Note: The son’s life was spared, yet the sacrifice was as truly and as completely made as though he had been put to death.

11. By what, according to James, was Abraham justified?

James 2:20–22
James 2:20–22

12. In commending the Thessalonian brethren, what did Paul associate with their faith?

1 Thessalonians 1:2–3
1 Thessalonians 1:2–3

Note: All the Scriptures teach that faith works. God had made a promise to Abraham; he believed the promise, and his faith had been counted to him for righteousness. His faith was the kind that worked righteousness. Now that faith received a practical test, and the works showed that it was perfect.

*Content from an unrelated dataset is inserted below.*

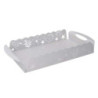 Vassoio metallo mare bianco rettangolare 41x20x6 cm elegante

13. What was Abraham called?

James 2:23
James 2:23

Note: Jesus said to His disciples, “Henceforth I call you not servants; for the servant knoweth not what his lord doeth: but I have called you friends; for all things that I have heard of my Father I have made known unto you.” John 15:15. Friendship between two, means mutual confidence. In perfect friendship each one reveals himself to the other in a way that he does not to the outside world. There can be no perfect friendship where there is distrust and restraint. Between perfect friends there is a perfect understanding. So God called Abraham His friend, because they perfectly understood each other. This sacrifice fully revealed the character of Abraham. God had said before, “I know him”; and now again He said, “Now I know that thou fearest God.” And Abraham on his part understood the Lord. The sacrifice of his only begotten son indicated that he knew the loving character of God, who for man’s sake had already given His only begotten Son. They were united in a mutual sacrifice and a mutual sympathy. No one could appreciate the feelings of God so well as could Abraham.